Many people may have empathy, Passion for Perfection, and a risk-taking appetite, but no personal traits or risk capital will create success if the scale does not show up.
For example, the digital camera was poor and costly in the beginning. But the technology core was amenable to progression in improving the quality and reducing the cost simultaneously. It happened due to the development of photolithography technology in reducing pixel size, increasing the count, reducing the noise, and improving the yield. Similarly, Apple’s Macintosh got out of loss due to the advancement of underlying Motorola’s 65000 series processor. The same thing happened to the LED light bulb, lithium-ion battery, or word processor software.
Valuation-driven digital startup recipe—is it based on a wrong thesis?
We have been witnessing exponential growth in startup numbers all across the world. Instead of operating from the garage, these startups are now burning millions and billions for accumulating losses to be unicorns. Are these startups, at the dawn of the 21st century, different from some of the success stories we witnessed in the 20th century?
To begin with, there are two common characteristics. First of all, startups in the digital age are reinventing existing products by changing the mature technology core with a new one—the digital technology core. Like in the past, reinvented digital alternatives are starting the journey with a loss. Surprisingly, these primitive digital alternatives, like app-based ride-sharing, demand scale effect through refinement. But in this new era, the valuation of startups has changed from creating scale effect out refinement to making the scale-out of subsidies. Hence, this new generation of digital startups is after tons of money to buy customers and grow market share to increase the valuation. Therefore, their success has been picking the title of the unicorn, with growing accumulated loss. For sure, this is the wrong thesis to create startup success stories.

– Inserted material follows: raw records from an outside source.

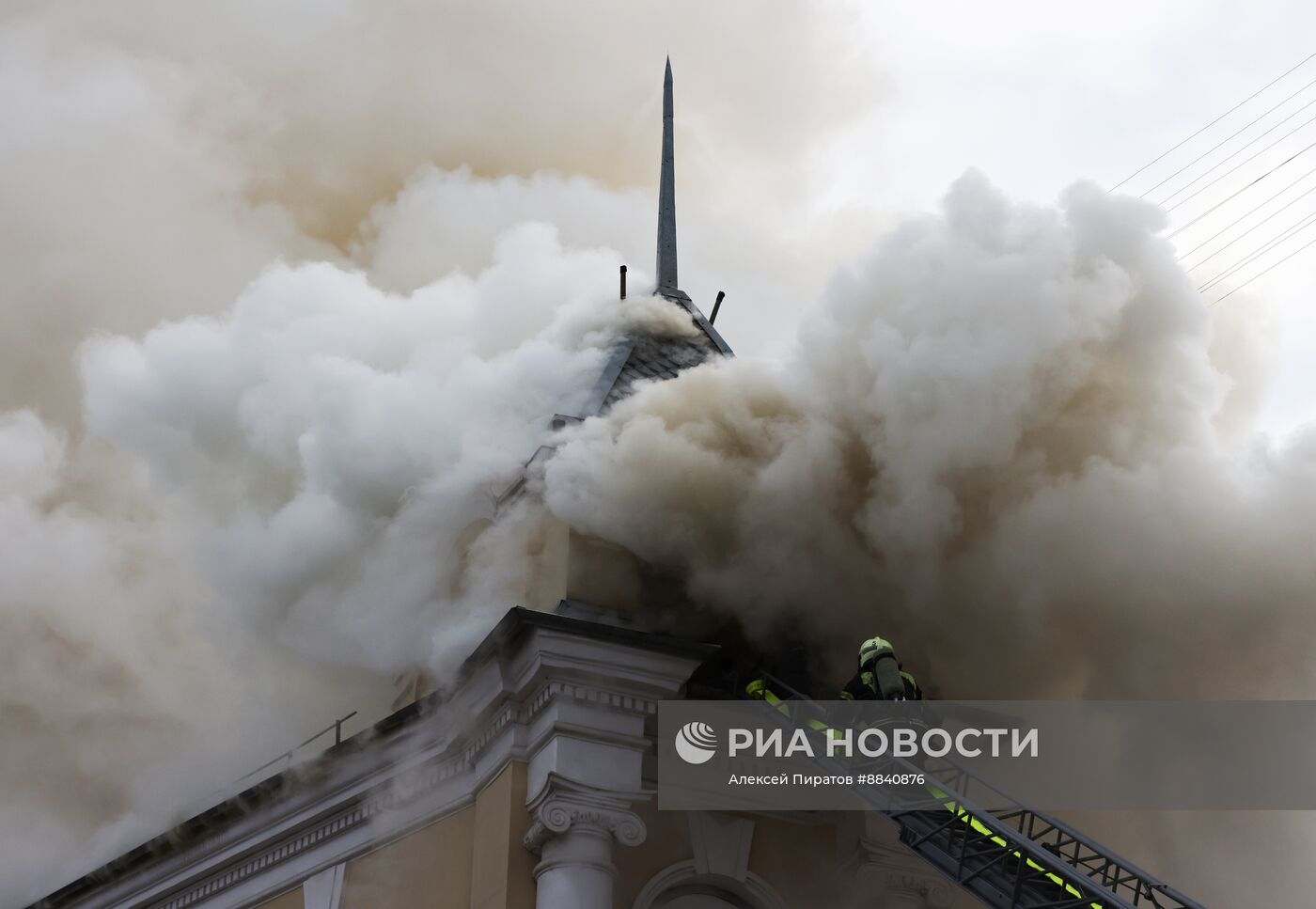 Пожар в здании военного госпиталя в Туле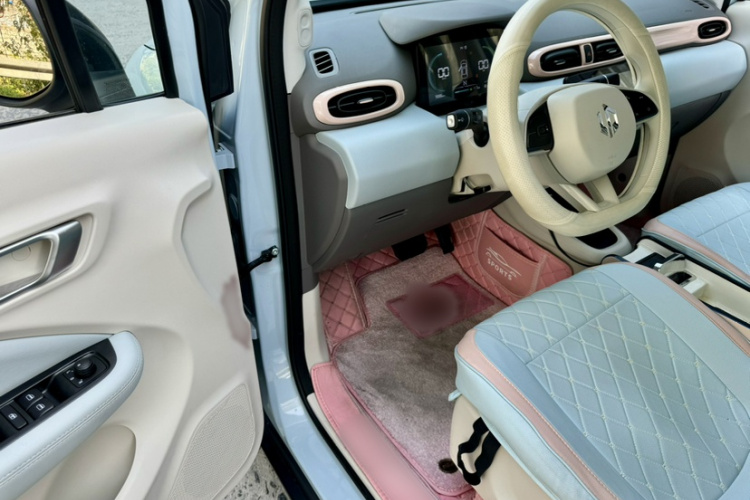 零跑汽车 零跑T03 2023款 403轻享版车身外观6009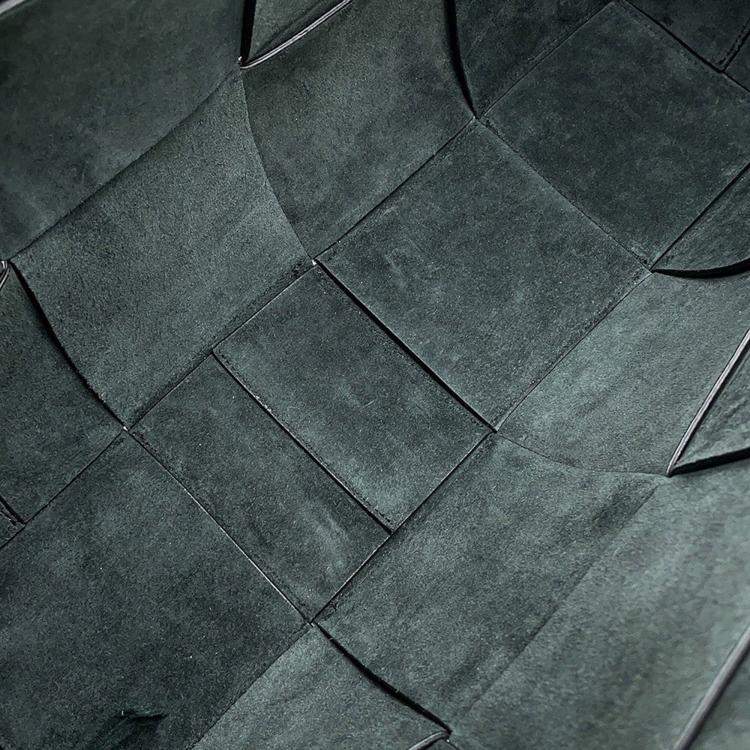 Pre Owned Bottega Veneta Maxi Intrecciato Arco Tote Bag Black Leather Size Large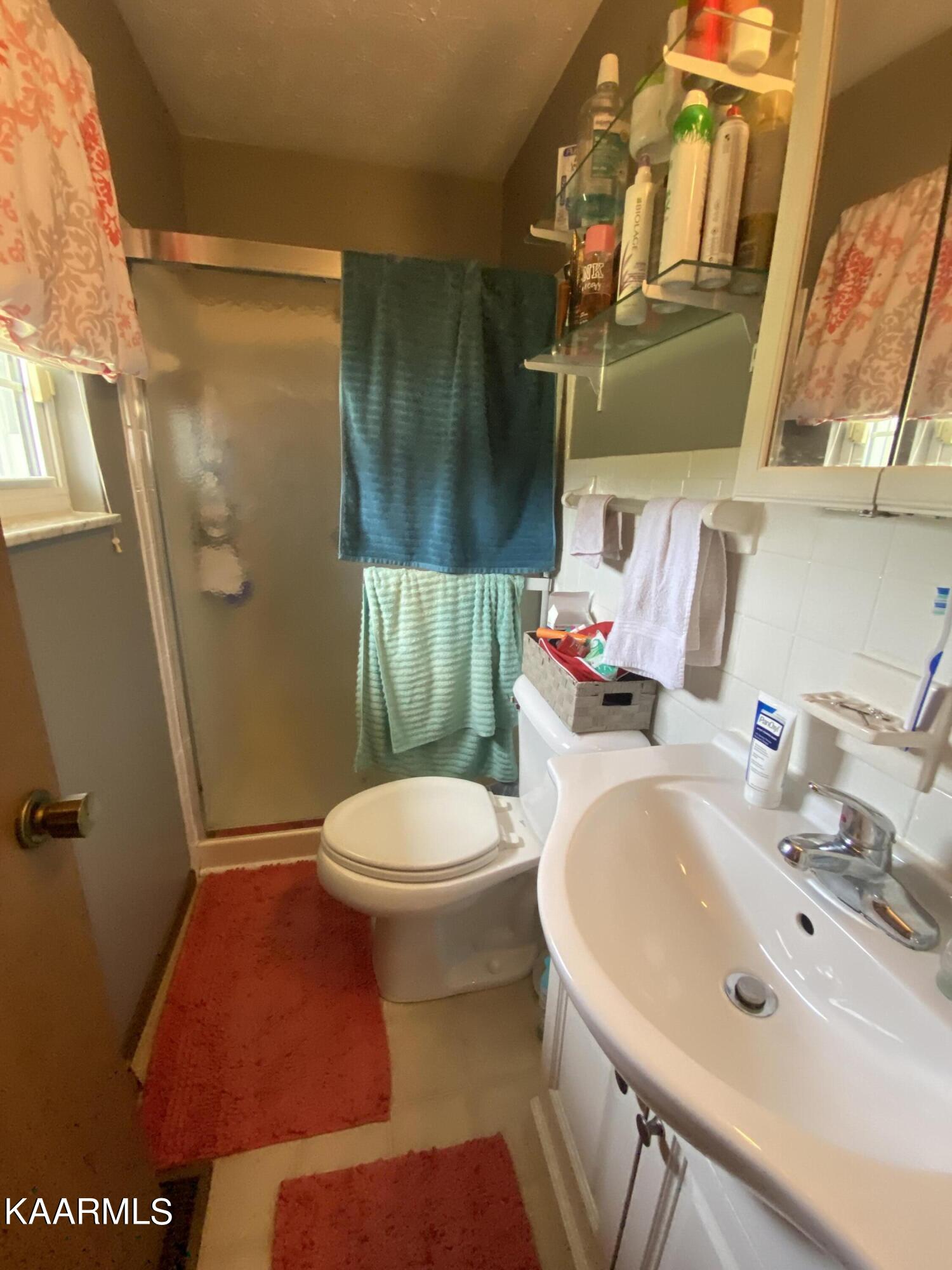 6002 Wilderness Road Ewing, VA 24248 - Photo 18 of 22 master bathroom
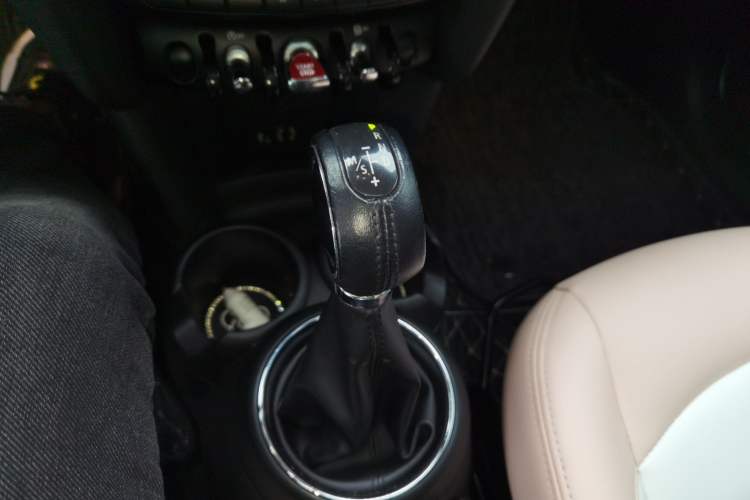 Used MINI MINI 2016 1.2T ONE Pioneer Edition Five-Door Version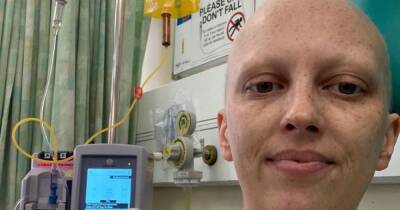 Royal Infirmary - Family of young woman diagnosed with incurable breast cancer say they wish they'd been 'more pushy' - manchestereveningnews.co.uk - Manchester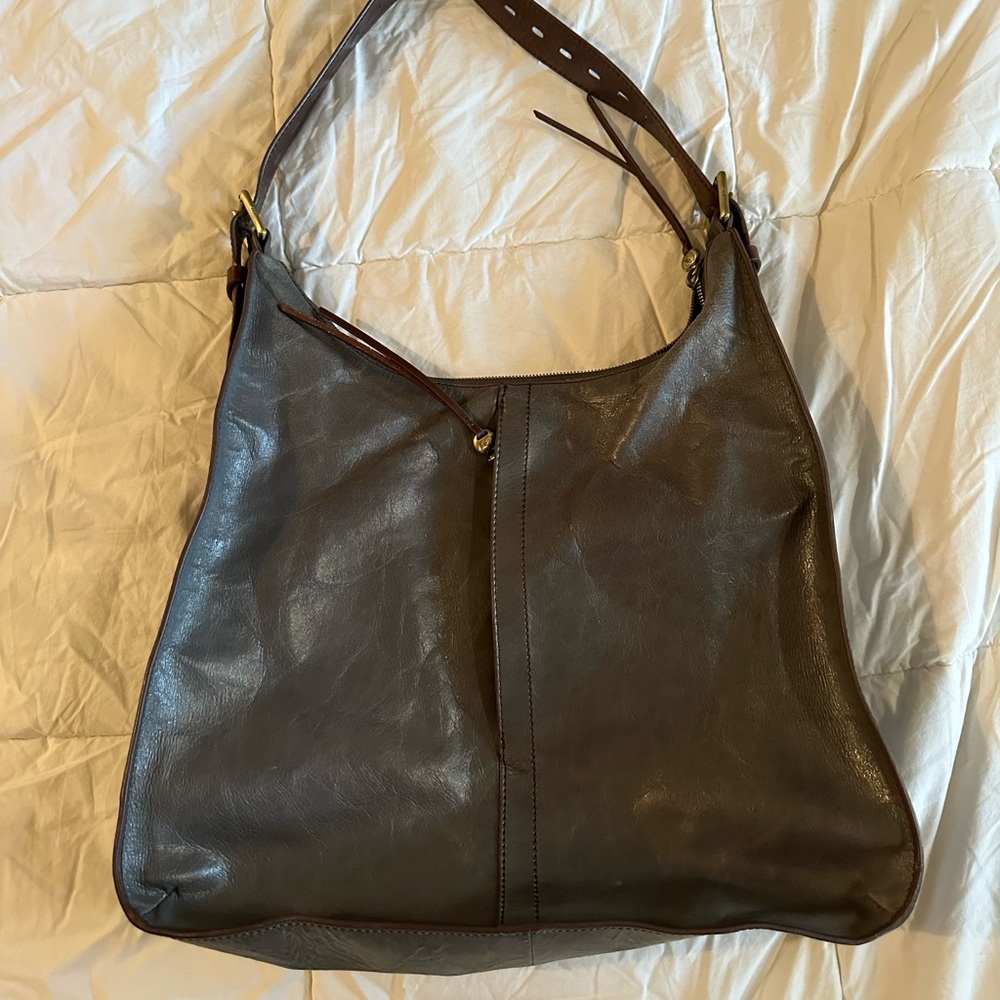 GUC HOBO Shoulder Bag
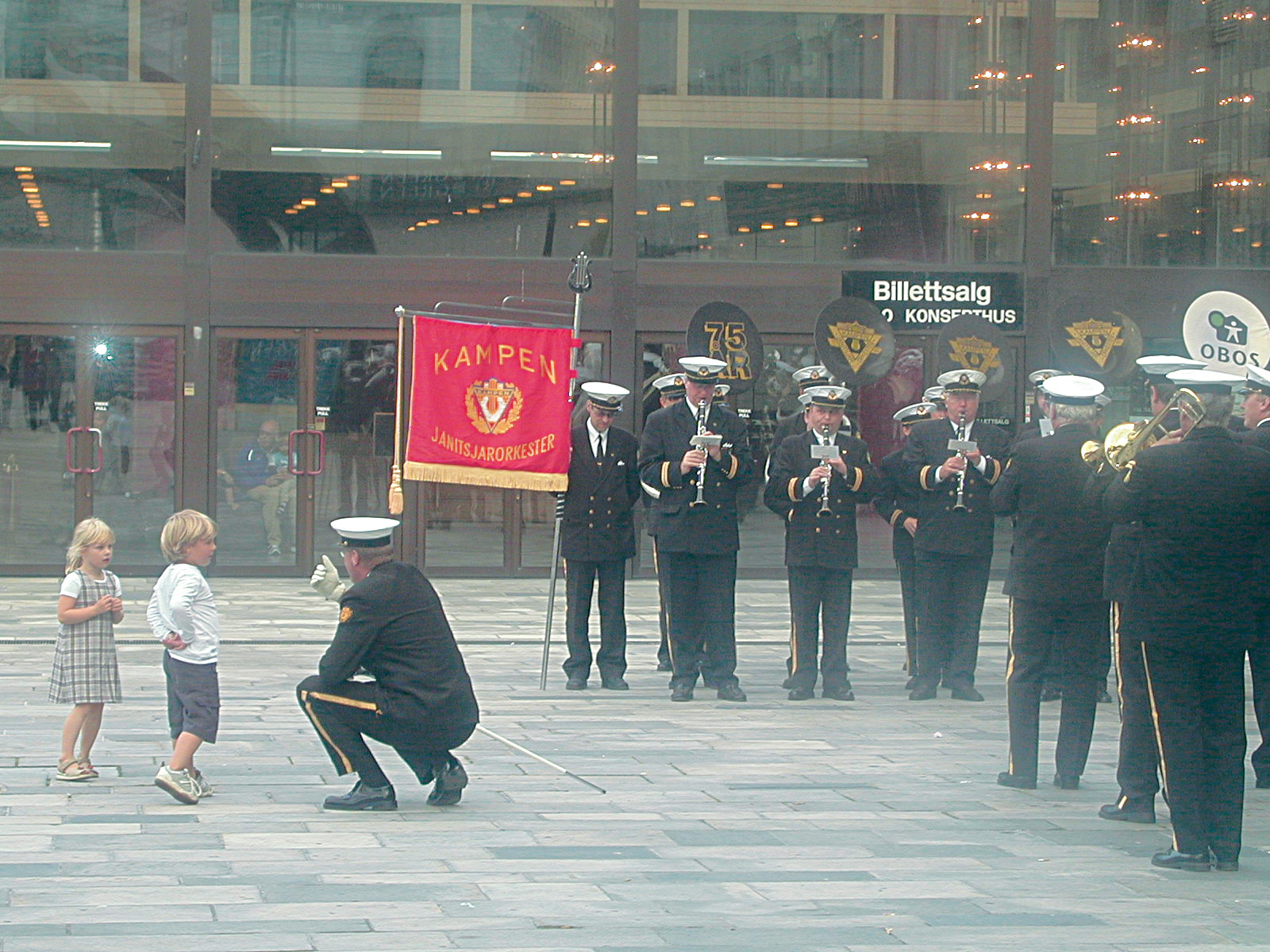 Kampen Janitsjar tok imot ved Oslo Konserthus, der kongressens åpning utspant seg.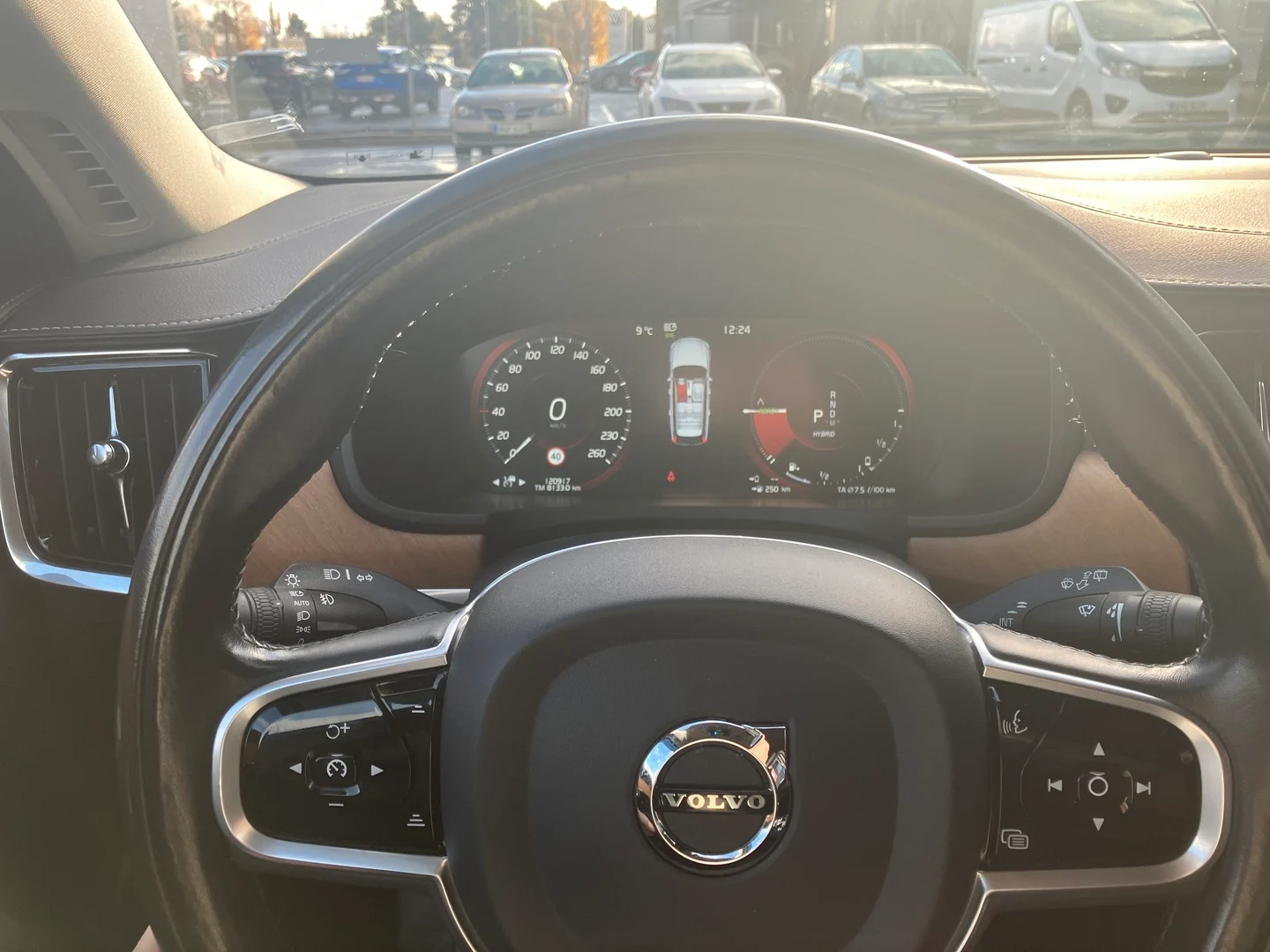 Car Image - 1bWFJSsWHvH8SDSR9EgXzx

But why are people after this insane game? First of all, most of us believe in Eureka, heroic art. Second, fund managers get a commission for each dollar they disburse to startups. And people of startups get salaries and other benefits for burning the fund in buying customers. More importantly, growing customers increase the valuation, making it easier to raise more investors’ funds. But where will it lead to? Only one way—burning investors’ money. In cases, cheating customers could be the end goal.
Our beloved startup recipe:
After making all these deliberations, let’s now summarize our learning. Startup recipe is about having the empathy of (i) creating better alternatives through reinvention—(ii) around technology cores that are amenable to progression– and (iii)creating scale effect out of it for creating a new market by destroying the demand of mature products and turning loss into profit, and doing it far better than others—making the competition irrelevant.
Hence, this startup recipe is not a cheat sheet for quick success out of the shortcut. It demands empathy, passion for perfection, robust technology and Innovation management capability, and speedy scale effect creation in reinventions of mature products. The question could be, did all those startup success stories know and follow this recipe? Perhaps, no. But their success stories have unfolded reoccurring patterns indicating that the situation compelled them to create this recipe. This startup recipe is learning from reflection.